Practically the entire cast of Best In Show also appear in A Mighty Wind and this, along with other similarities, give a slight “been there, done that” feel.  The two films are identical in style and the novelty and humour associated with the genre has worn a touch thin.

Here, famous folk music producer Irving Steinbloom has passed away and one of his sons, Jonathan (Balaban) is putting together a concert as a tribute to his late father.  New York’s Town Hall is the venue but there’s only two weeks to prepare.  The headline act is Mitch & Mickey (Eugene Levy and Catherine O’Hara) who were once the biggest item in the world of folk music but broke up in the early 70s and haven’t performed together since.  Also performing will be The Folksman (Harry Shearer, Christopher Guest and Michael McKean) and the nine-member group, The New Main Street Singers.
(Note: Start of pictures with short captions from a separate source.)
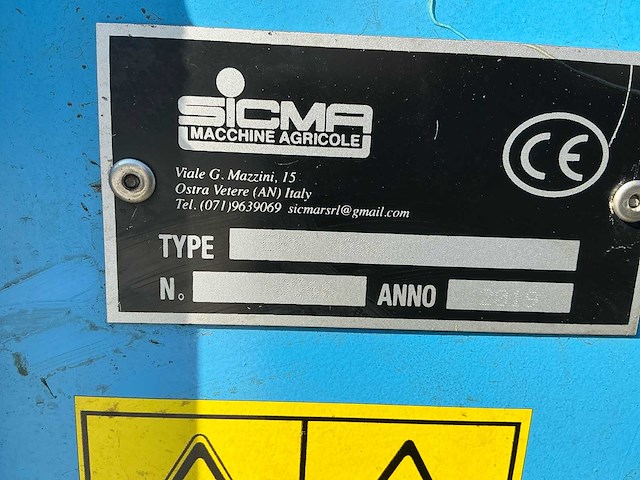 2019 sicma ers3000 rotorkopeg - afbeelding 5 van  6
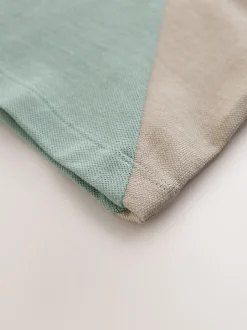 Sauge vert/neutre/blanc - T-shirt color block à manches courtes (3mois-7ans) (3mois-7ans)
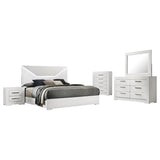 Ives 5-piece Queen Bedroom Set White High Gloss | White | White High Gloss | 224941Q-S5
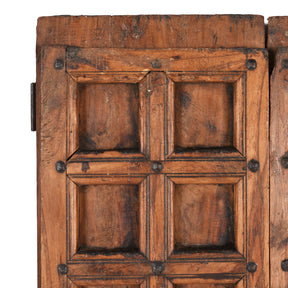 Teak Window Shutter From Maharashtra - 19th Century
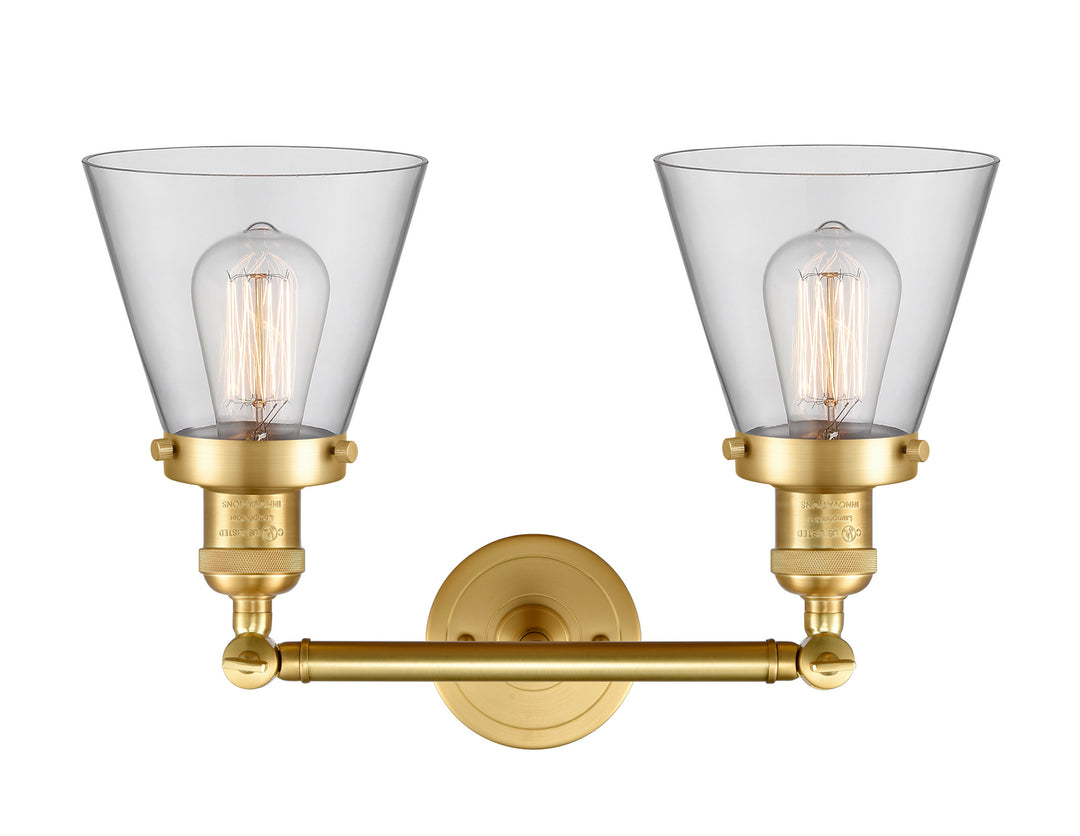 Innovations Franklin Restoration 208-SG-G62-LED Bath Vanity Light 16 in. wide - Satin Gold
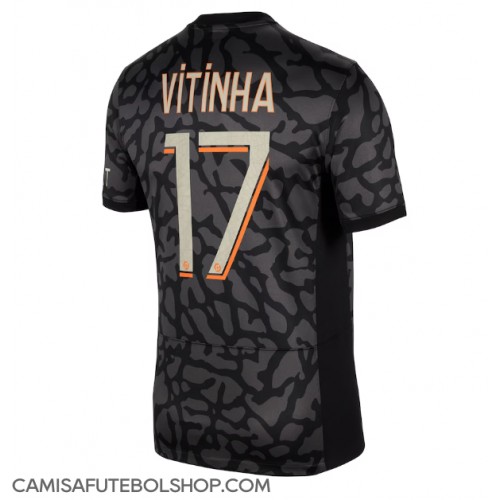 Camisa de time de futebol Paris Saint-Germain Vitinha Ferreira #17 Replicas 3º Equipamento 2023-24 Manga Curta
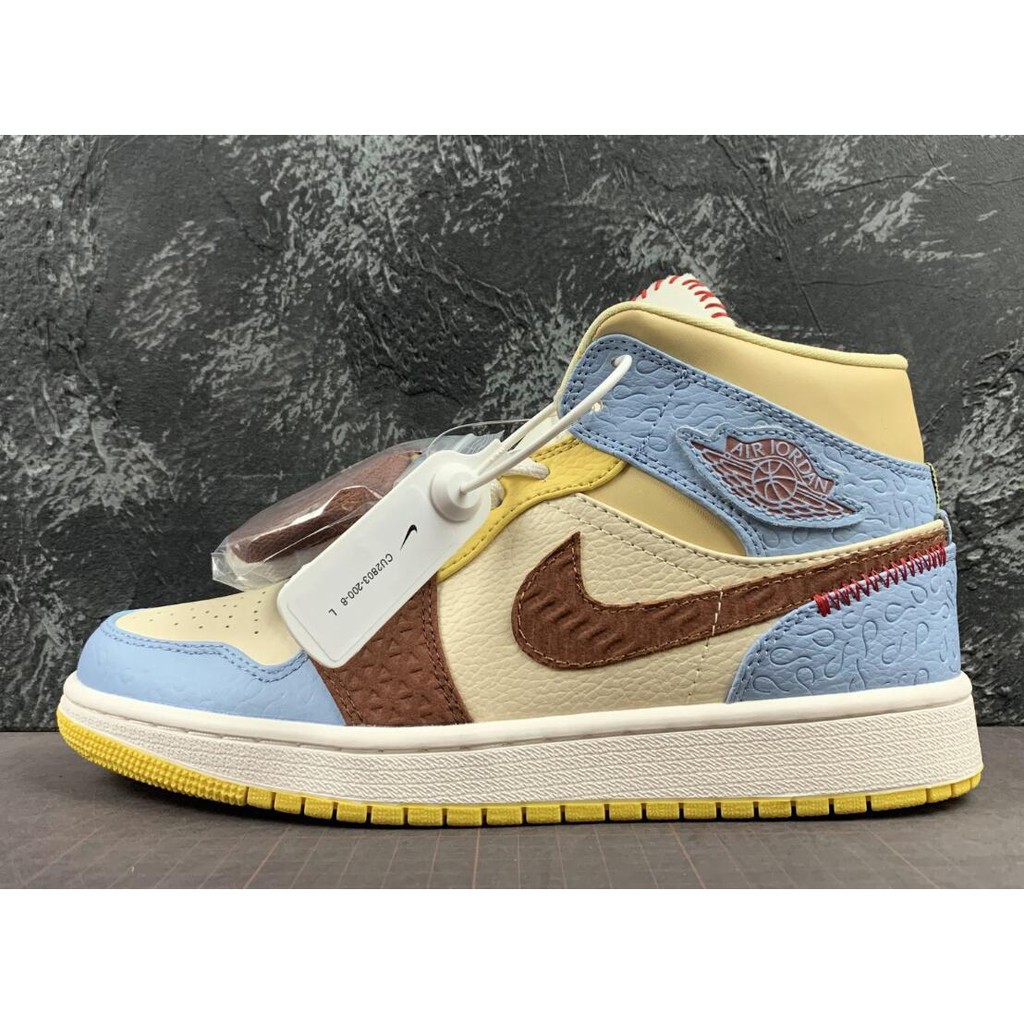 nike air jordan 1 mid fearless maison chateau rouge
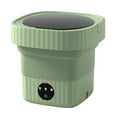 Compact 6L Portable Folding Mini Washing Machine with Dryer Bucket for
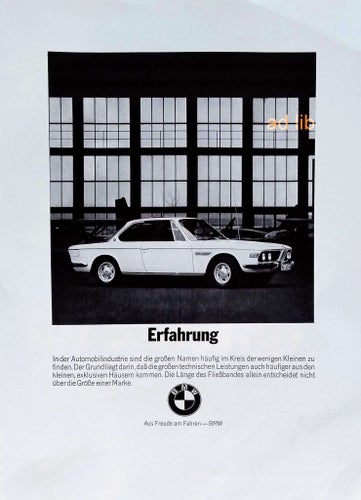 BMW, STOR REKLAMANNONS 1969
The first act of A Mighty Wind plots the history of all the characters and Steinbloom’s organisation of the concert.  The second act watches them rehearse, prepare and rekindle old memories.  The third and final act sees the concert performed, but not without a few hiccups.

The story is told through a mixture of regular scenes and staged interviews.  Some characters are hilarious (such as Fred Willard who plays a lively agent) but others are time wasters and their idiosyncratic personalities were more annoying than funny.  Also working against the film is the limited interest and appeal I have for folk music.  The dog owners in Best In Show provided more opportunities for humour.

Despite these shortcomings, A Mighty Wind has enough one-liners to justify a look.  If you’re a lover of folk music however, there’s no doubt that you’ll want to be there front-row centre!